El confort de la modernidad

El confort de la modernidad,

cuanto más al norte cartesiano,

la perfección de lo sedentario

se convierte en la norma del comportamiento;

los ojos cuestionan tal impacto.

Se dice que aquí,

en el país de las eternas nubes,

el compromiso humano es un deber,

quizás intelectual

o una culpa cargada por su historia colonial.

El confort incomoda la libertad,

el intelectualismo abraza lo sedentario;

la pasión se pierde sin su astro dorado

y el cuerpo se esconde del frío perpetuo;

las caras fruncen su calma tropical

y el local mide constantemente sus relaciones;

queda la belleza de la diferencia

sumergida en la violencia de los imaginarios.

La exigencia de este mundo

es la voluntad intelectual,

que exige cambios en el sistema;

algunos se atreven a salir a la calle,

otros lo hacen sentados frente a una pantalla;

la misma poesía tiene que entrar en este duelo

cuando ya vive en su libertad incondicionada.
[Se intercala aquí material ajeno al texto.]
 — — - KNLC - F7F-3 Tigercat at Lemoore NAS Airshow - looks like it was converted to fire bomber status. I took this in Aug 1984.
Las heridas del pasado se despiertan

en el abrazo de las paredes

y la mirada en los monitores;

en la caza de la billetera

y el deseo del olimpo.

La libertad grita por su aventura

y el tiempo pide prudencia

para que el corazón pueda responderle.

Hay una isla que llama,

en ella al menos se encuentra algo de respeto

hacia el crujido de las tripas hambrientas,

atraídas por sus vegetales y frutas;

el contacto con la naturaleza,

la montaña que observa el mar

y las olas que sienten el paraíso terrenal.

Ir allí sin deseo, sin esperar nada a cambio,

más que la vida y el gozo del trópico,

que tanto el cuerpo necesita para curar sus heridas.